__EXERCISE REQUIREMENTS__.
Give again the entries below exactly, beginning at the first line and ending at the line with "Queens Of The".

[[ PROVIDED DATA open ]]

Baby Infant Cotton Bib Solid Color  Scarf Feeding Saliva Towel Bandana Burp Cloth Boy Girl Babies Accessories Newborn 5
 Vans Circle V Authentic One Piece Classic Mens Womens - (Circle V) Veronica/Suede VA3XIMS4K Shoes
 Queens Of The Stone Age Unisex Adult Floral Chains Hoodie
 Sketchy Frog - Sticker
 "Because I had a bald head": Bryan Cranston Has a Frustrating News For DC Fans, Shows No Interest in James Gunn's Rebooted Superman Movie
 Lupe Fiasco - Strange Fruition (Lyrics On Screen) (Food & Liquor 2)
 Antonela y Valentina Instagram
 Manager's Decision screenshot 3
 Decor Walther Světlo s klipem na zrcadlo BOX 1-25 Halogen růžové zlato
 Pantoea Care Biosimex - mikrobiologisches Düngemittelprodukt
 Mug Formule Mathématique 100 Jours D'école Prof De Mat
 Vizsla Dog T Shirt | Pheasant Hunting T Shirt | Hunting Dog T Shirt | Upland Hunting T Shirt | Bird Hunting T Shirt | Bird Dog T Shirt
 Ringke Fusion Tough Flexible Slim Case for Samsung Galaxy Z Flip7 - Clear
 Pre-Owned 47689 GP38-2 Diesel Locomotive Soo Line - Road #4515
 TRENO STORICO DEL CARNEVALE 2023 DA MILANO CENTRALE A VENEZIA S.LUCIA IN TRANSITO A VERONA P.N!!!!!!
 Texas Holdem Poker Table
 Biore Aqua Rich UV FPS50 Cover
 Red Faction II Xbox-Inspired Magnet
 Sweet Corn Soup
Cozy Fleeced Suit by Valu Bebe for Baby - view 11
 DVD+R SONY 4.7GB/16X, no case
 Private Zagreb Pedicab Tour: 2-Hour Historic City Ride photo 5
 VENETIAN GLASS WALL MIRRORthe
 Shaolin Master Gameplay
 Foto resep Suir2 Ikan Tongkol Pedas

[[ PROVIDED DATA closed ]]

__SOLUTION BELOW__.
Baby Infant Cotton Bib Solid Color  Scarf Feeding Saliva Towel Bandana Burp Cloth Boy Girl Babies Accessories Newborn 5
 Vans Circle V Authentic One Piece Classic Mens Womens - (Circle V) Veronica/Suede VA3XIMS4K Shoes
 Queens Of The Stone Age Unisex Adult Floral Chains Hoodie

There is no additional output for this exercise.